**YOUR INSTRUCTIONS:** Before writing out the records, remove the pictures; keep everything else exact.

• • • •

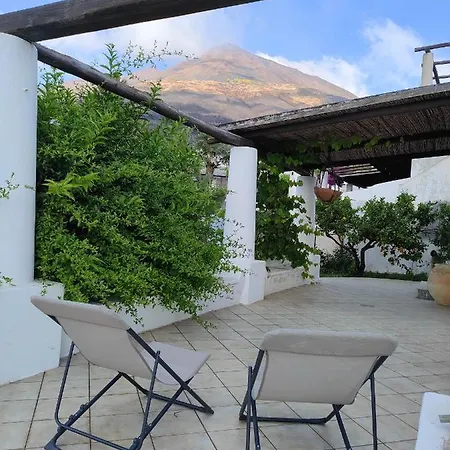 Guest house The Lighthouse Stromboli
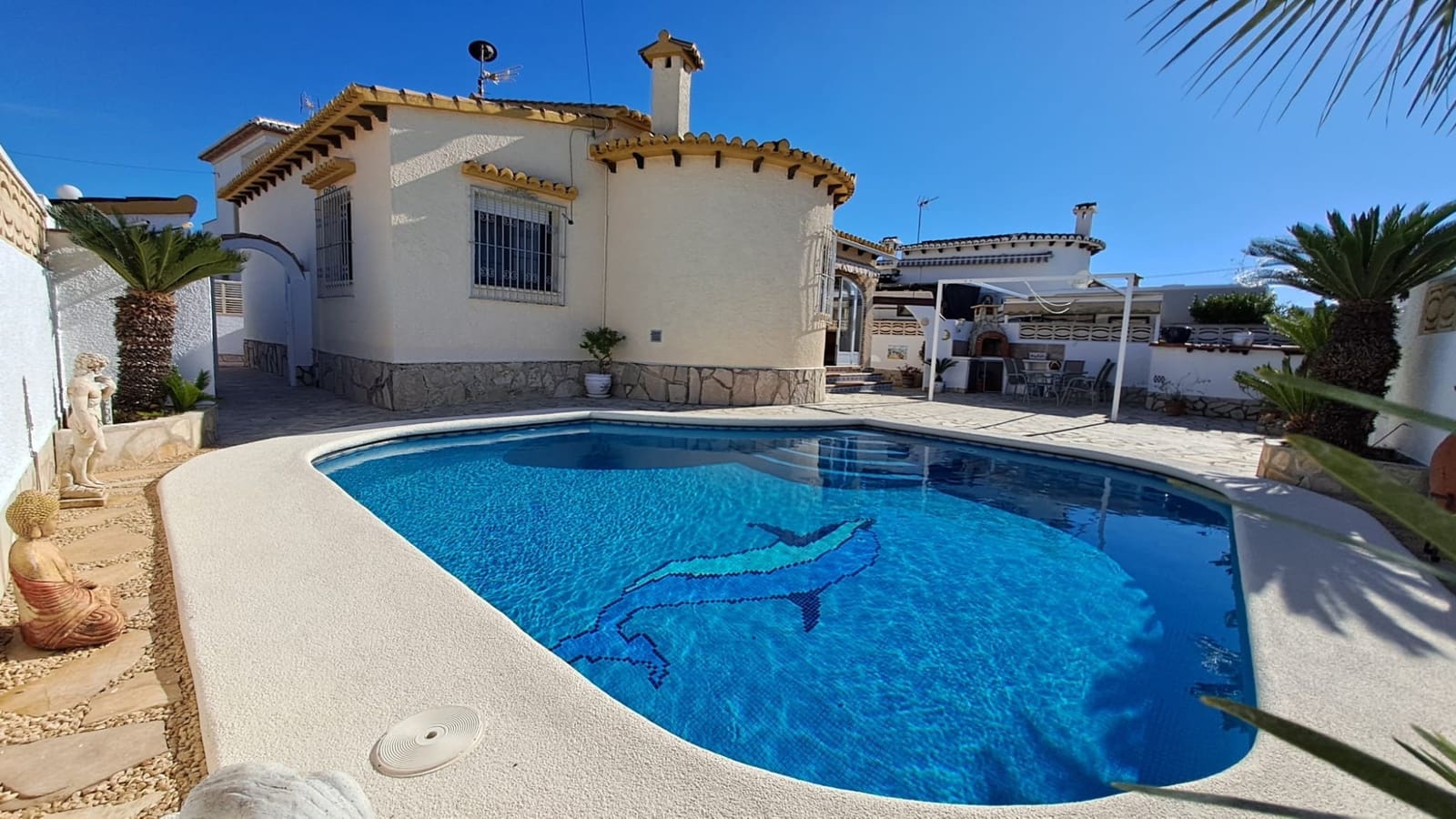 3 soveværelse Villa til salg i Denia med swimmingpool - € 379.000 (Ref: 9851265)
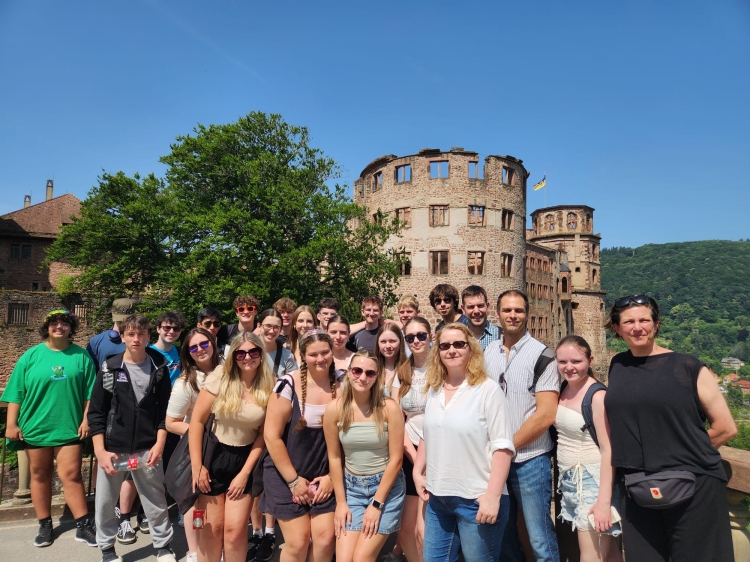 Die Schülergruppe aus den USA mit ihren Gastgeberinnen und Gastgebern beim Ausflug ins Mittelrheintal. © HSG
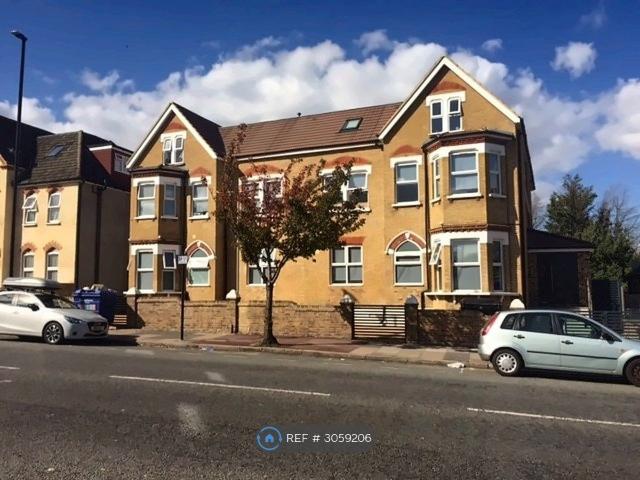 Southwood Road, London SE9, 3 bed flat to rent, £2,200 pcm | PrimeLocation
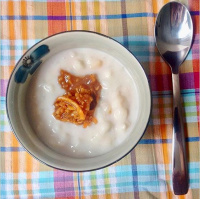 Mungunzá - ou canjica - com calda de caramelo e coco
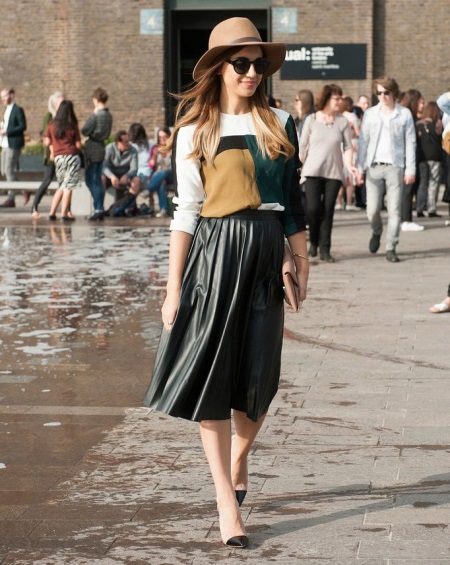 Leather fluffy skirt below the knee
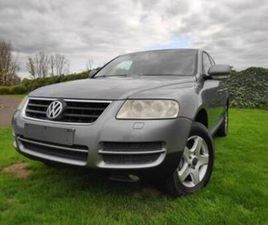 ② VOLKSWAGEN TOUAREG 3.2 ESSENCE 225OOO KM 2ÈME PROPRIÉTAIRE — VOLKSWAGEN — 2EMEMAIN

• • • •

**SOLVED EXERCISE:**
 Guest house The Lighthouse Stromboli
 3 soveværelse Villa til salg i Denia med swimmingpool - € 379.000 (Ref: 9851265)
 Die Schülergruppe aus den USA mit ihren Gastgeberinnen und Gastgebern beim Ausflug ins Mittelrheintal. © HSG
 Southwood Road, London SE9, 3 bed flat to rent, £2,200 pcm | PrimeLocation
 Mungunzá - ou canjica - com calda de caramelo e coco
 Leather fluffy skirt below the knee
 ② VOLKSWAGEN TOUAREG 3.2 ESSENCE 225OOO KM 2ÈME PROPRIÉTAIRE — VOLKSWAGEN — 2EMEMAIN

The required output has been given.